» **About this exercise**:
Return the data below unaltered, but strip out the pictures.

» **Input**:
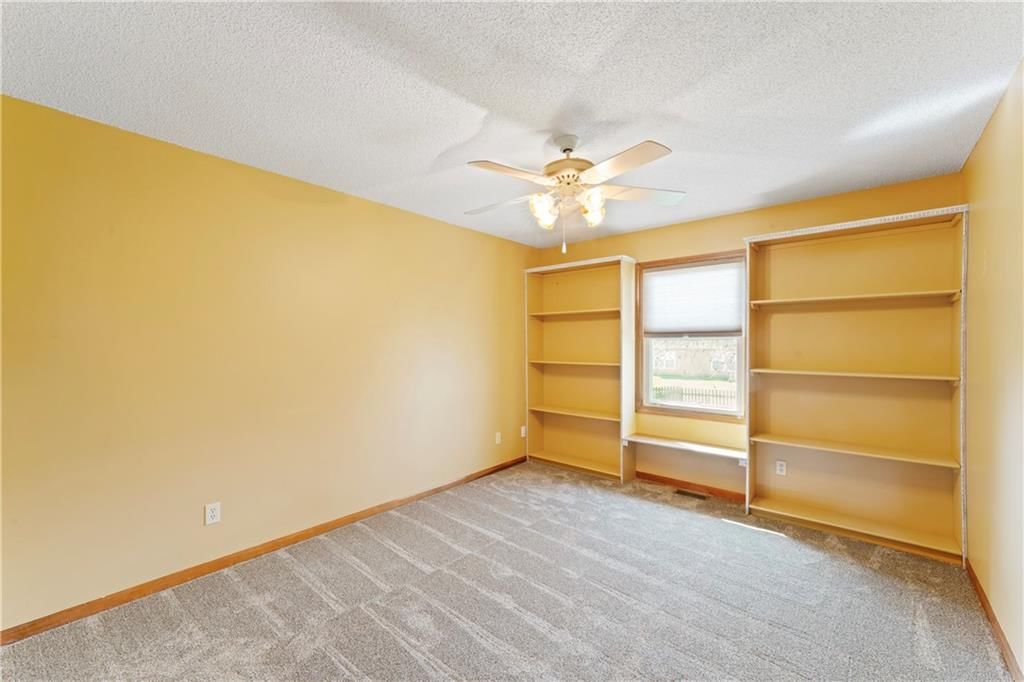 405 Sandra Lane — photo 16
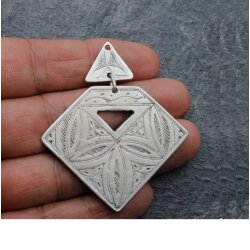 1 Large Charms Pendant Ethnic Style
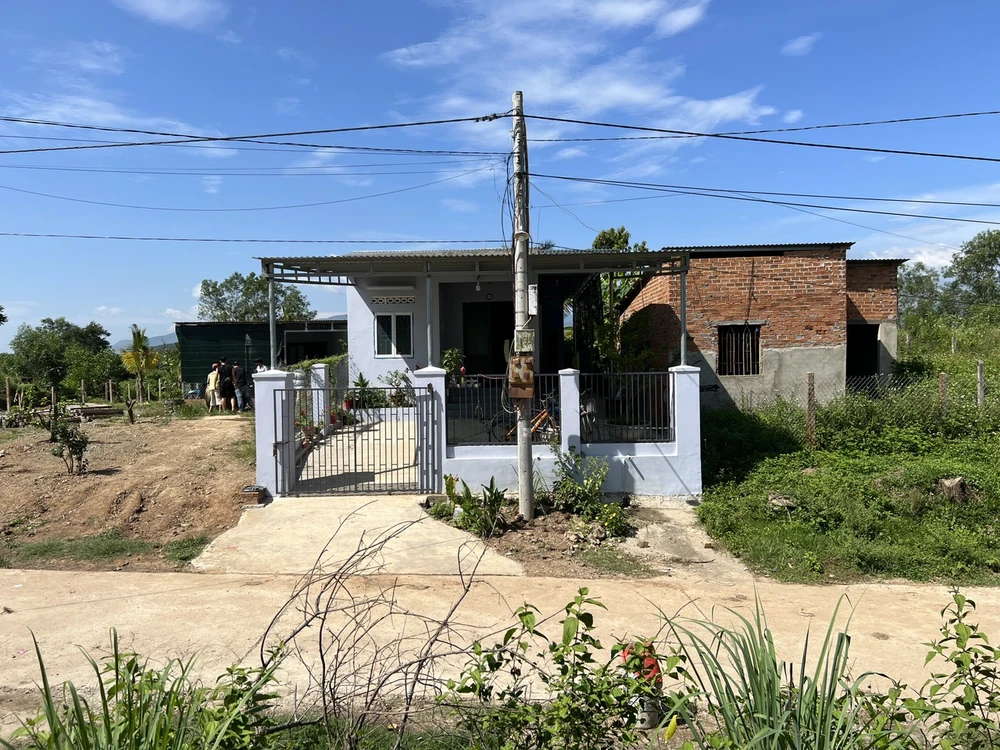 Vụ án mạng nghiêm trọng xảy ra trong căn nhà cấp 4 thôn Xuân Đông. Ảnh: T.V Vụ án mạng nghiêm trọng xảy ra trong căn nhà cấp 4 thôn Xuân Đông. Ảnh: T.V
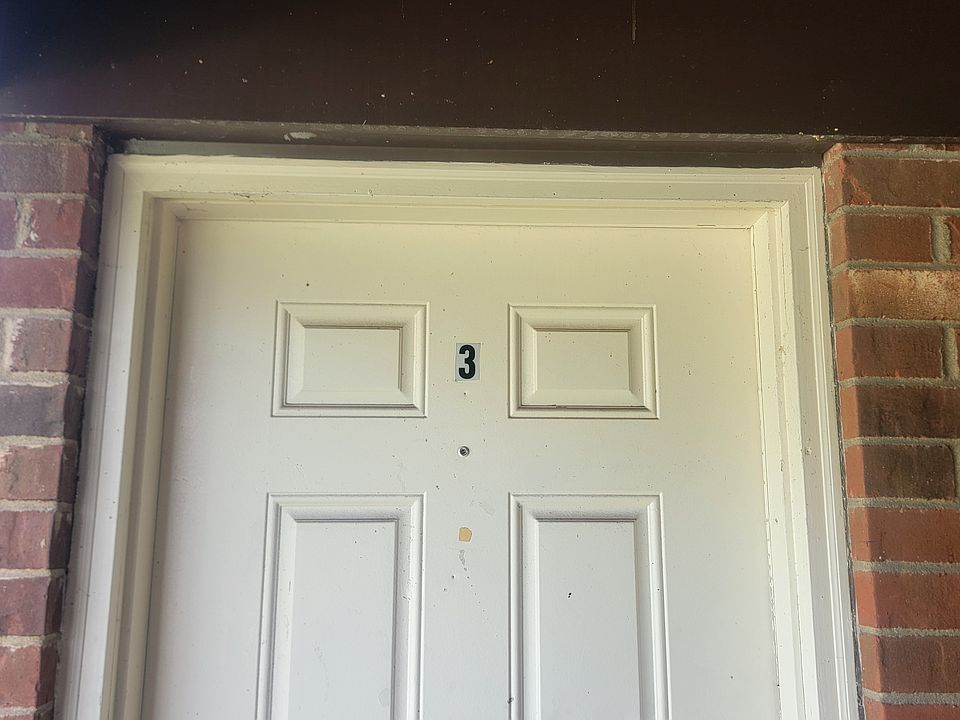1st image of 6300 Jeffrey Dr APT 3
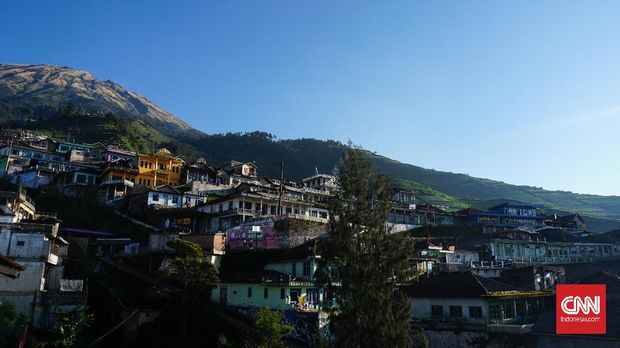 Pemandangan Nepal Van Java di Dusuh Butuh, Desa Temanggung, Kecamatan Kaliangkrik, Kabupaten Magelang, Jawa Tengah. (CNNIndonesia/Ardita Mustafa)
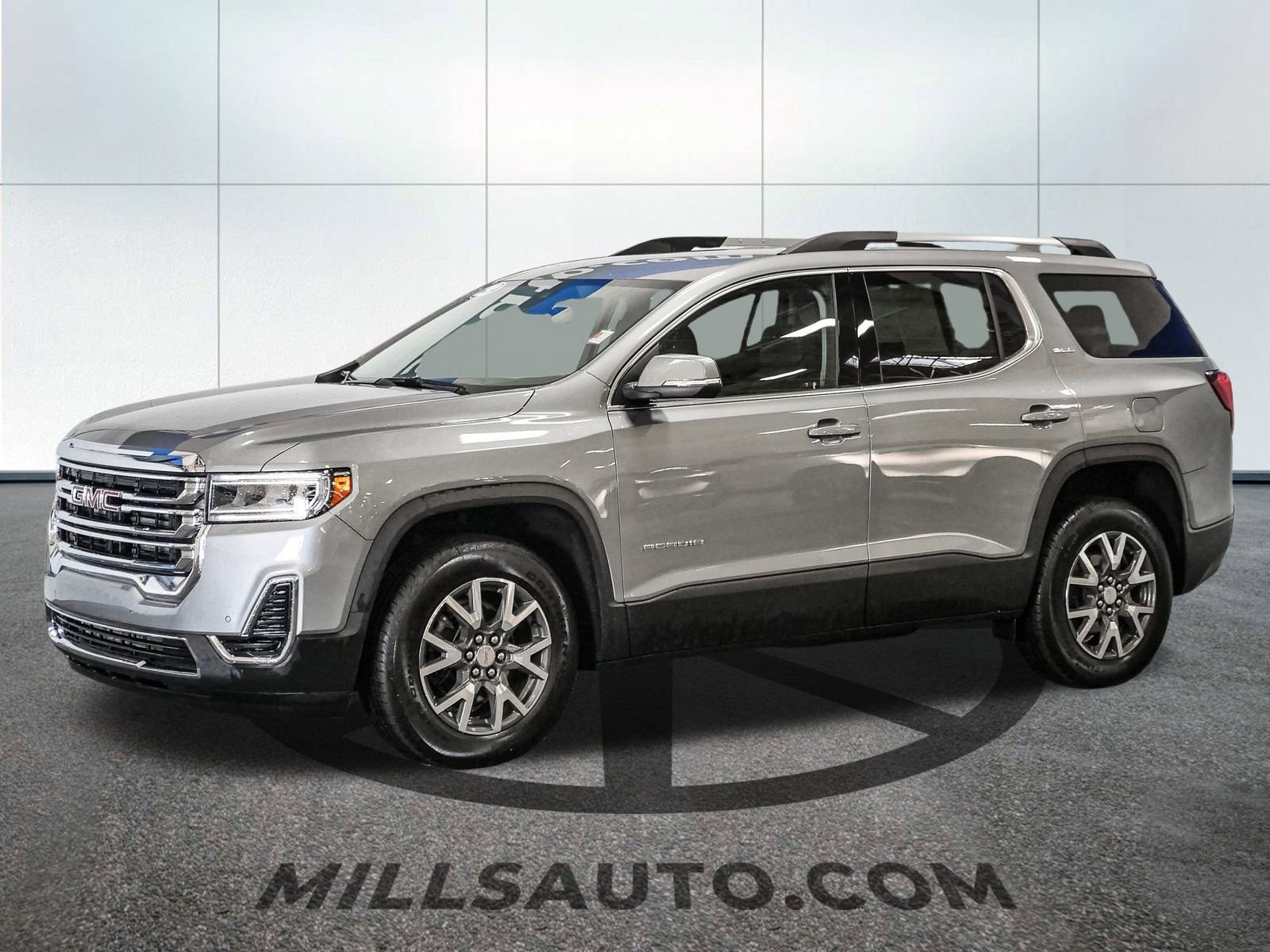 Used 2023 GMC Acadia SLE with VIN 1GKKNRL49PZ218249 for sale in Baxter, Minnesota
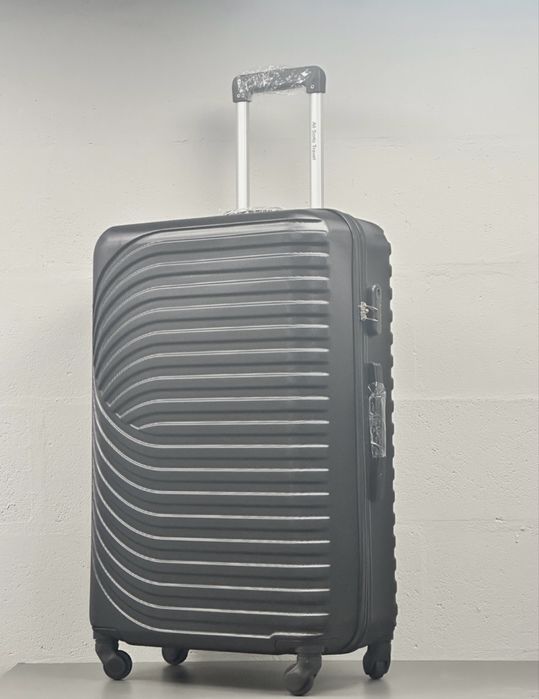 Велика валіза 28, легка, жорсткий корпус,4 колеса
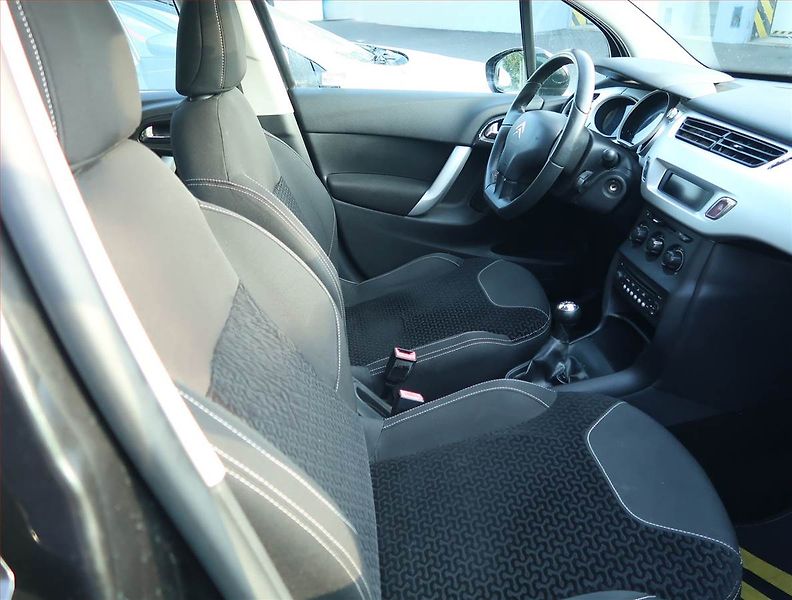 Citroën C3 (2010) 1.1 i, nová STK, slušný stav - fotka 9 z 15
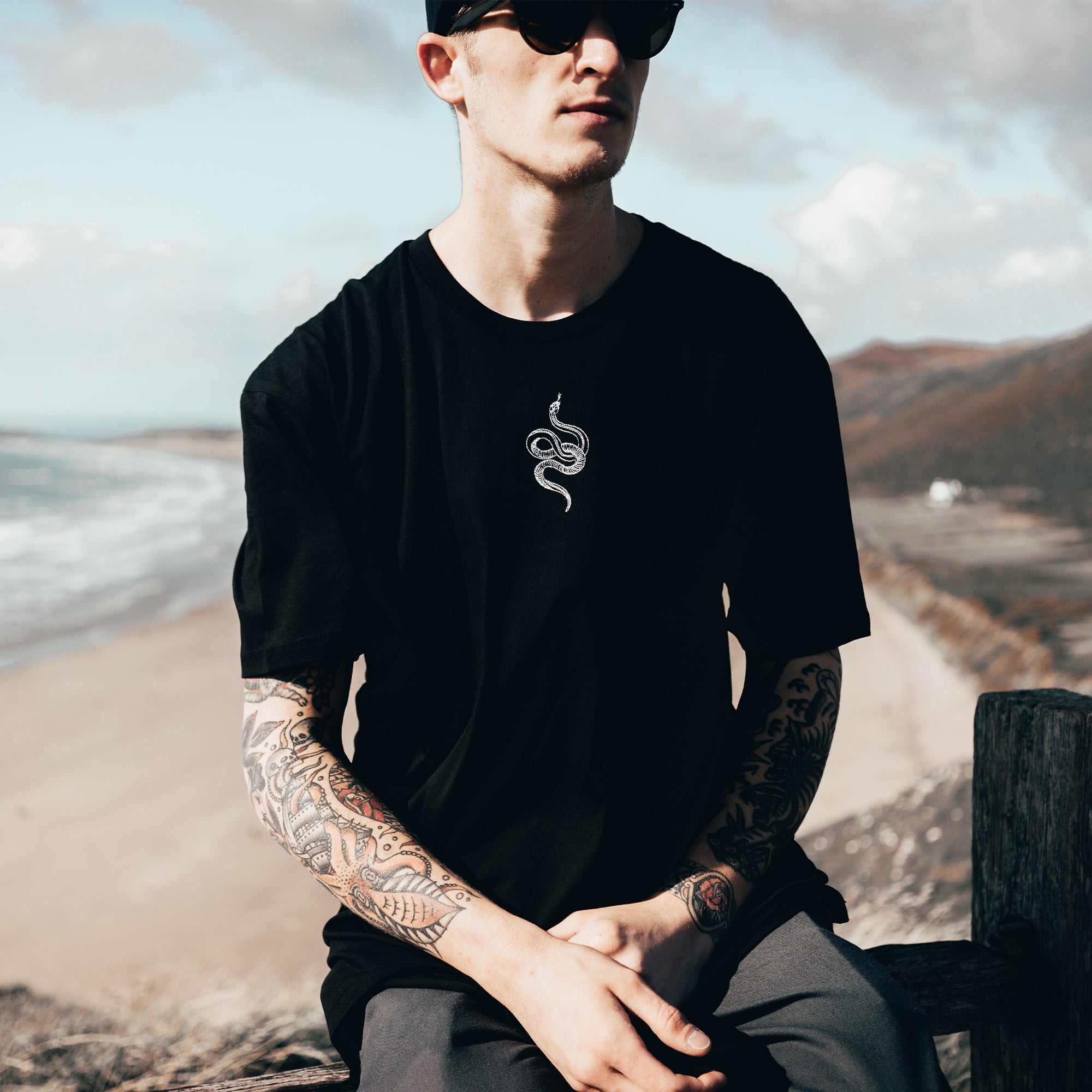 ★DRAW FIT★ Sans Serif Embroidered T-Shirt [BLACK] Snake Black T-shirt | Embroidered T-shirt | Tattoo Inspired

» **Result**:
 405 Sandra Lane — photo 16
 1 Large Charms Pendant Ethnic Style
 Vụ án mạng nghiêm trọng xảy ra trong căn nhà cấp 4 thôn Xuân Đông. Ảnh: T.V Vụ án mạng nghiêm trọng xảy ra trong căn nhà cấp 4 thôn Xuân Đông. Ảnh: T.V
1st image of 6300 Jeffrey Dr APT 3
 Pemandangan Nepal Van Java di Dusuh Butuh, Desa Temanggung, Kecamatan Kaliangkrik, Kabupaten Magelang, Jawa Tengah. (CNNIndonesia/Ardita Mustafa)
 Used 2023 GMC Acadia SLE with VIN 1GKKNRL49PZ218249 for sale in Baxter, Minnesota
 Велика валіза 28, легка, жорсткий корпус,4 колеса
 Citroën C3 (2010) 1.1 i, nová STK, slušný stav - fotka 9 z 15
 ★DRAW FIT★ Sans Serif Embroidered T-Shirt [BLACK] Snake Black T-shirt | Embroidered T-shirt | Tattoo Inspired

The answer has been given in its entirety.